| A jazz snob might cringe at the idea of
covering tunes by Bill Withers or Sonny & Cher, but in truth, pop interpretations have
been a part of the jazz tradition for, oh, eight decades now. The question is not so much
who wrote the song, but does it lend itself to a jazz version and does the artist pull it
off with imagination and class?
The answer is yes, she does.
Singer-pianist Patricia Barber and her band laid down these tracks in July live at the
Green Mill, where Barber has held residency on Sunday and Monday nights for years. The
disc is intended as a live "companion" to her 1998 release, "modern
cool," and Premonition--the local label now distributed by Blue Note--is offering it
at a special list price of $9.98 to reach a wider audience. As far as live recordings go,
this one is top notch, with excellent sound quality and lively audience rapport; even the
applause sounds crystal clear.
The band kicks right in with Sonny & Cher's "The Beat Goes On," which is one
of the disc's most memorable cuts despite Barber's disclaimer in Premonition's press
release. She says she hopes this will be interpreted "either as blasphemy, or as a
cheap-tricks attempt to get attention. Nothing in between, please."

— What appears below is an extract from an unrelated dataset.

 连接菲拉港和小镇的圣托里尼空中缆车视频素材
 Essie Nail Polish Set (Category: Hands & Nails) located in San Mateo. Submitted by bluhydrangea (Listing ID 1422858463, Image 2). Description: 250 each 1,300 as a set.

Forget blasphemy; if anything, it's a cheap attention-getter, but only in the best sense
of the phrase. I move that it's neither choice, but rather a hip new styling that brings
out the best of a ditty one wouldn't expect to work as a jazz ballad. Barber sings in
short, breathy phrases with a quiet intensity that conveys a deeply personal message, and
her Hammond B-3 organ contributes a cool ambience that is downright eerie.
Her interpretations of Bill Withers' "Use Me" and Peter Green's "Black
Magic Woman" (made famous by Santana, of course) are dished up in a similar style. As
a word to describe good jazz, "understated" is overused, but it's still the best
word to capture Barber's approach to these songs. To coin another phrase, it's the kind of
music where the spaces between the notes are as important as the notes themselves. Her
bandmates-- bassist Michael Arnopol, guitarist John McLean, drummer/percussionist Eric
Montzka and percussionist Ruben Alvarez--are well attuned to this concept.
The other four songs are originals, combining the same less-is-more attitude with Barber's
poetry-set-to-music lyrics. "Like JT" is an exception in that it's the only
instrumental (Barber plays piano) and it's more up-tempo than the others. It alternates
between an earthy soul-jazz feel and a more elegant 6/8-time section, with exemplary
rhythm section work throughout.
Barber's lyrics are thought-provoking and full of imagery. In "Touch of Trash,"
she intones: "Eyeliner drawn with an artisan's hand/replication makes
perfection/she's just a button short of trash." And later: "She's just a culture
short of class." In "If This Isn't Jazz," she takes potshots at New York
Times jazz critics, wondering if they'll say she's too white or too black. "If this
isn't jazz," she sings, "it will have to do until the real thing comes
along."
Don't worry. This may not be Coke, but it qualifies as the real thing.